EXERCISE GOAL | Using the entries below, copy exactly each line from the line with "CATSSTAC Trendy Youth" up to and including the line with "Prestee 24 Clear", with every picture left out.

[Stored items from a collection]
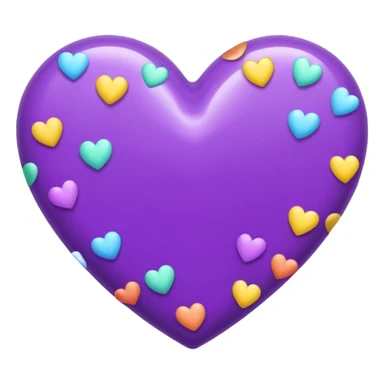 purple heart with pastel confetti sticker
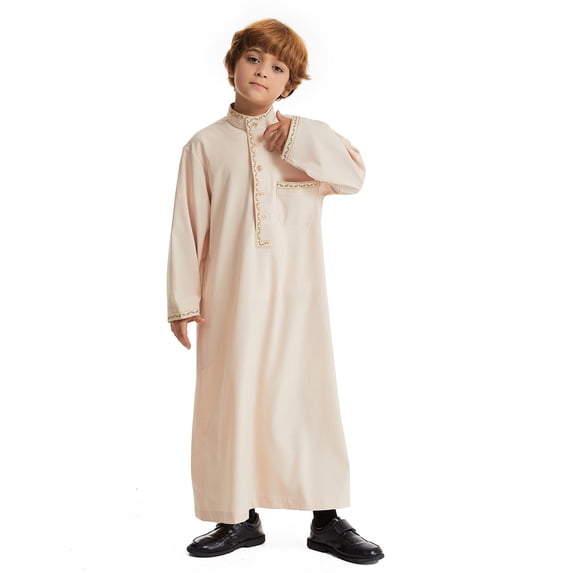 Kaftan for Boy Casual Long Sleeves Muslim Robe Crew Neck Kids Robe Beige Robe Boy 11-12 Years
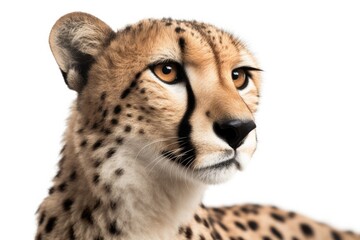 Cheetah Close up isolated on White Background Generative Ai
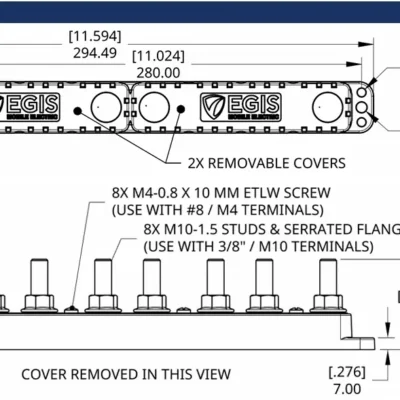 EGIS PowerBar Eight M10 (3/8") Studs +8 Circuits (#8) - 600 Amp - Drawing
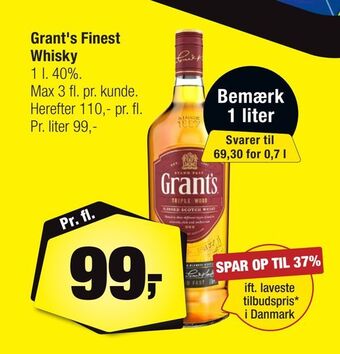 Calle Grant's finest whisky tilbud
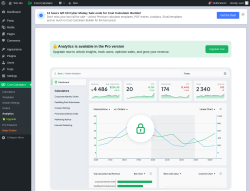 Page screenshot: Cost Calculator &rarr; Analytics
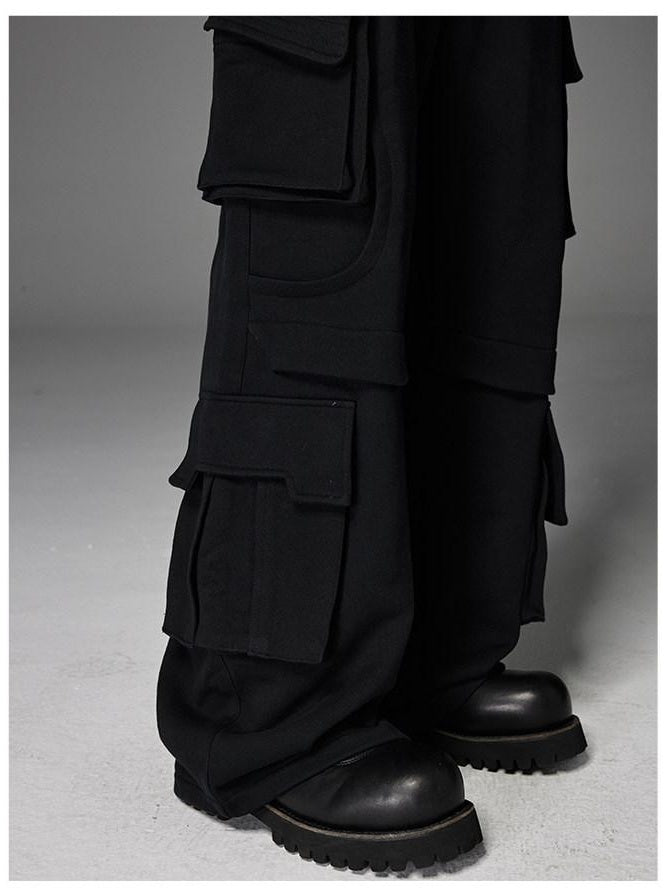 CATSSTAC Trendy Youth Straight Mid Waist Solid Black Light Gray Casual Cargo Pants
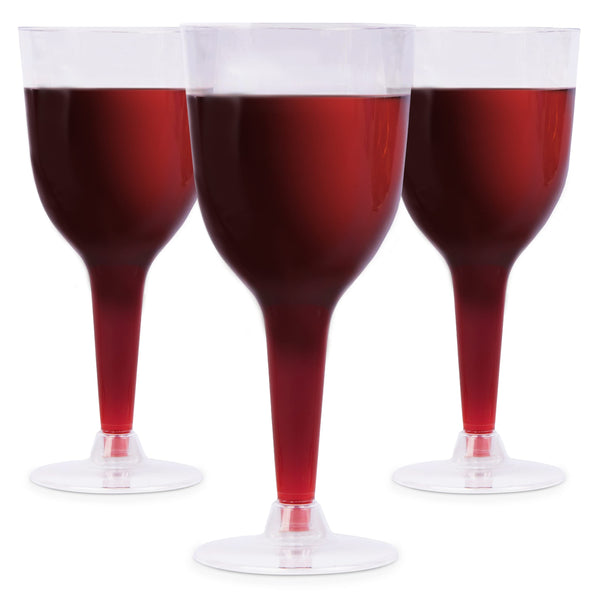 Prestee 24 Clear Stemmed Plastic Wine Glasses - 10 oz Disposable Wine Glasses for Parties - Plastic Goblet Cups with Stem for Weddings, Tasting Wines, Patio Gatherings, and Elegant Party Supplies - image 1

---

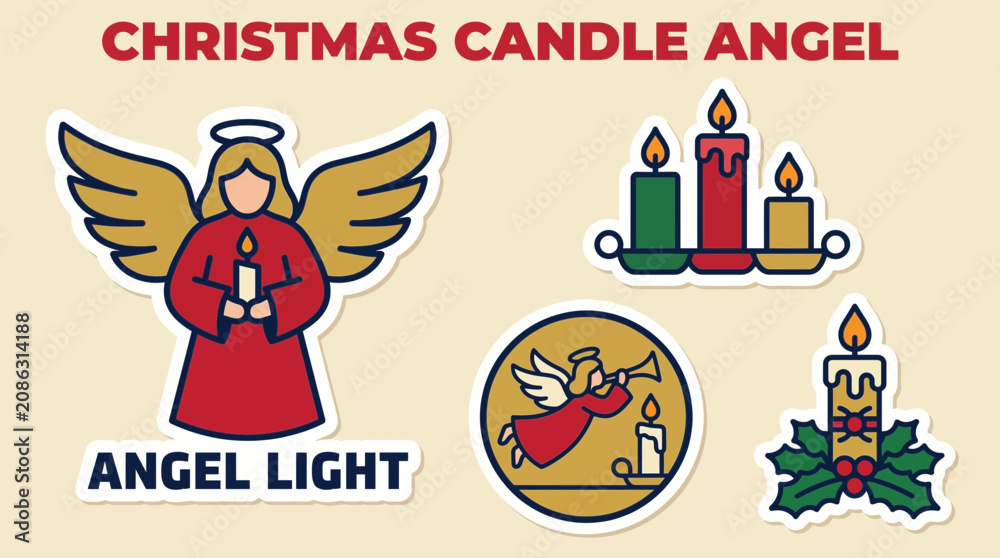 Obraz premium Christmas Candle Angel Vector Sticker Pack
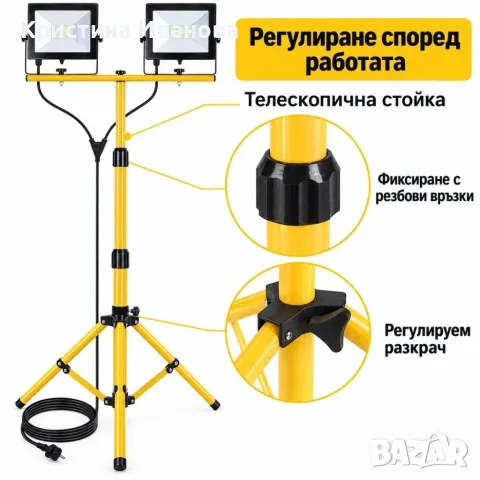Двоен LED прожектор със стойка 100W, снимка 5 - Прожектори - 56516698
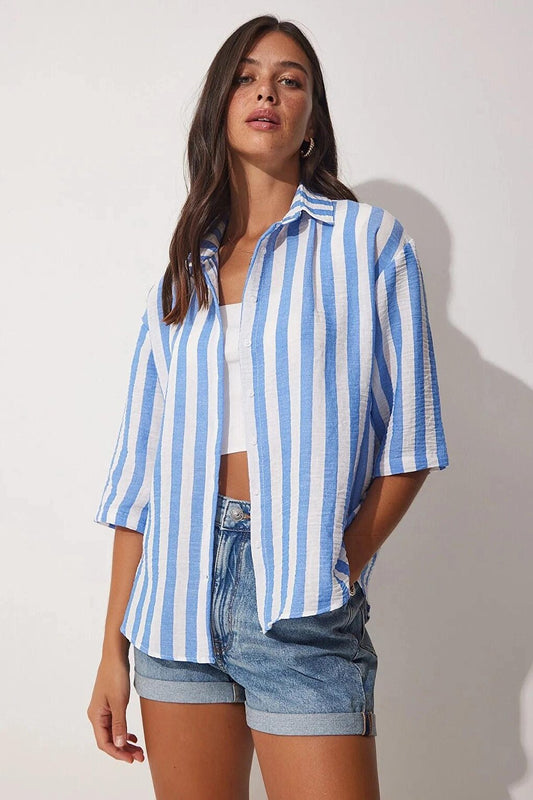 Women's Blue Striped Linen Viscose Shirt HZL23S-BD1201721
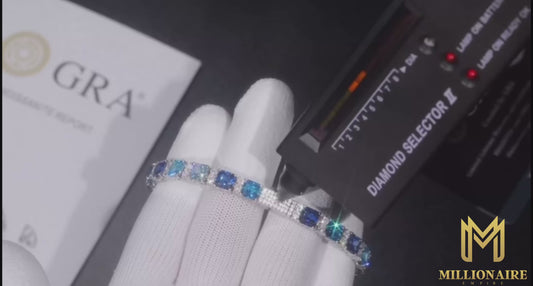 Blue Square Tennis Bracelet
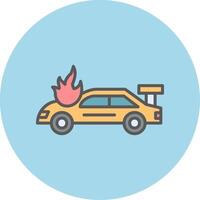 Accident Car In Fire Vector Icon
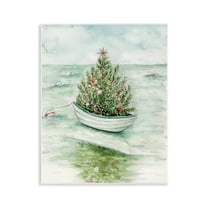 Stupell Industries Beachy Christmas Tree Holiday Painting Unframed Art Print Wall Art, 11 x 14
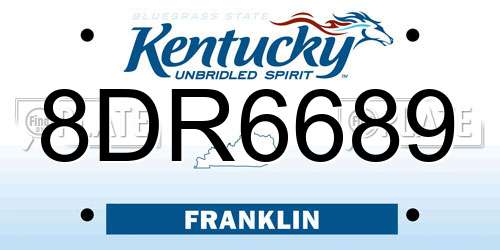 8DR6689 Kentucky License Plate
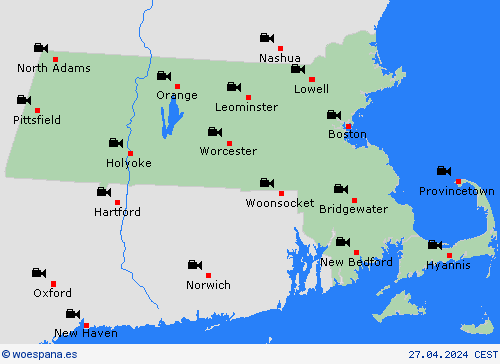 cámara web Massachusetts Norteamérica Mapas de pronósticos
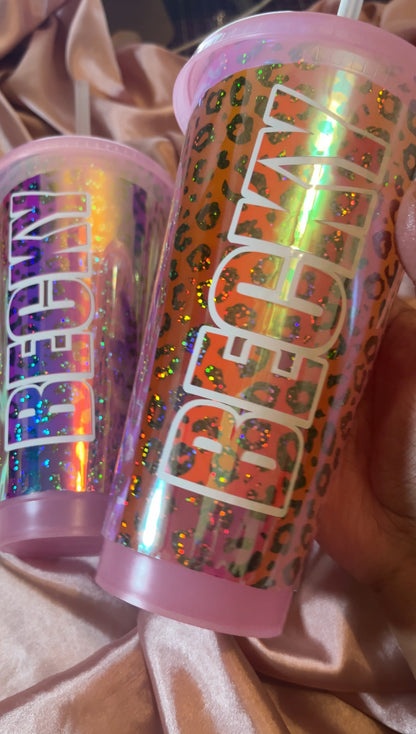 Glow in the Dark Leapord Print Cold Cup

RESULT |
 CATSSTAC Trendy Youth Straight Mid Waist Solid Black Light Gray Casual Cargo Pants
 Prestee 24 Clear Stemmed Plastic Wine Glasses - 10 oz Disposable Wine Glasses for Parties - Plastic Goblet Cups with Stem for Weddings, Tasting Wines, Patio Gatherings, and Elegant Party Supplies - image 1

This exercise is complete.